Он работал на заводе „Серп и молот“ бригадиром слесарей-лекальщиков, постоянно избирался в партком, в завком, был членом горкома партии. Но из цеха не уходил; гордился репутацией лучшего мастера.
— Я своим одним рабочим оком лучше вижу, чем другой четырехглазый спец-очкарик.
Когда его вызвали в партком и сказали, что направляют в село, Чередниченко сперва упирался:
— Не люблю я дядьков-гречкосеев. Не верю им. Каждый только за себя, за свою хату с краю да за свое майно и гроши. А я пролетарий с деда-прадеда и в ихнем навозном хозяйстве ни бум-бум. И мовы ихней толком не знаю, хотя фамилие мое и на „енко“.

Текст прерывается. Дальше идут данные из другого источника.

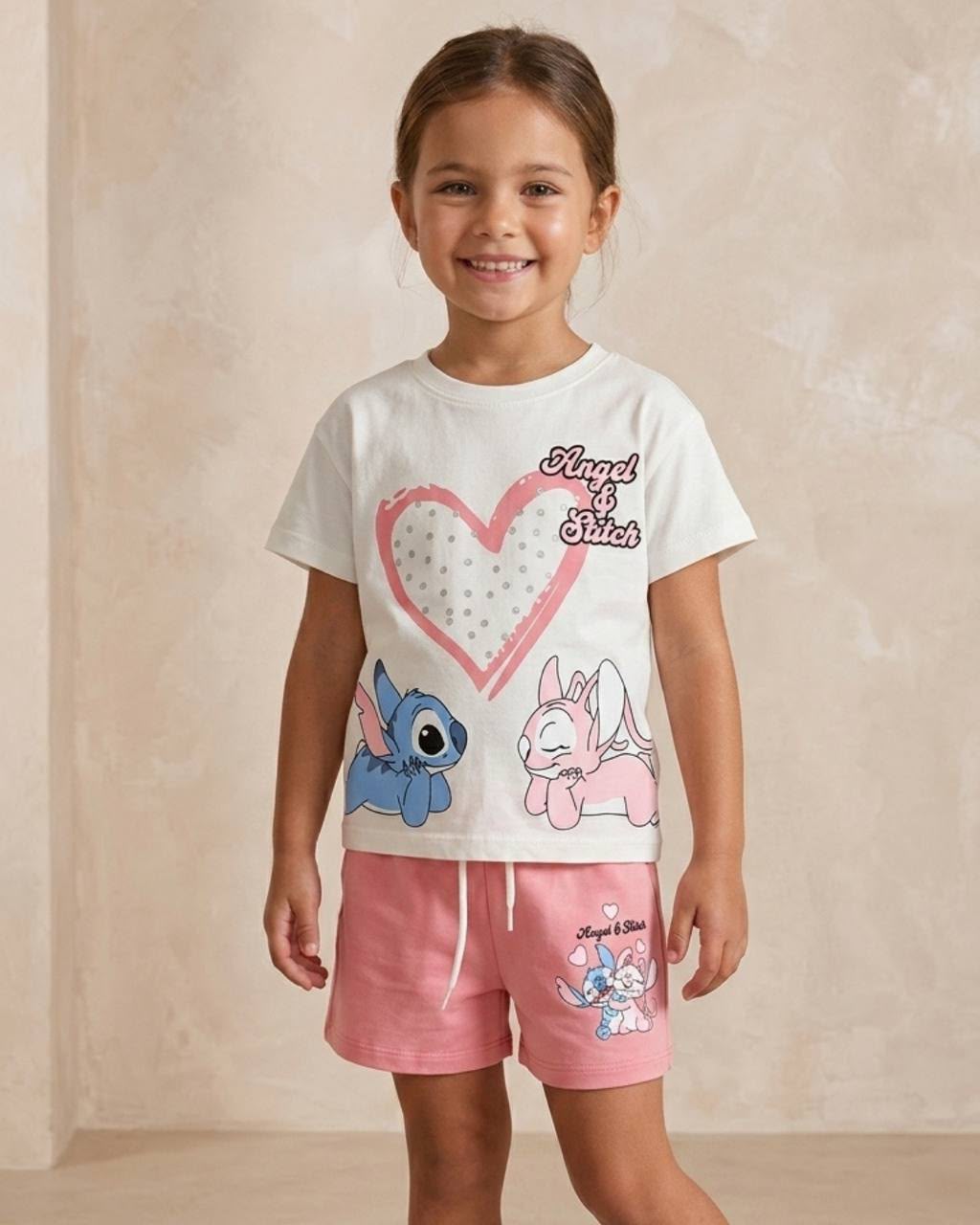 Stich Baskılı Ekru-Pembe Kız Çocuk Şortlu Takım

Ему объяснили, что такие разговорчики пахнут уклоном в троцкизм, что он не смеет отпихиваться от высокого доверия партии. И ему не просто честь оказывают. Как бывший конармеец он обязан понимать — это боевое задание. На селе теперь — фронт, вроде как опять гражданская война. Классовый враг поднял голову и клыки показывает.
Направили его в русскую деревню Охочую, где жили потомки аракчеевских военных поселенцев. С первых же дней Чередниченко стал полновластным диктатором и через неделю завершил сплошную коллективизацию.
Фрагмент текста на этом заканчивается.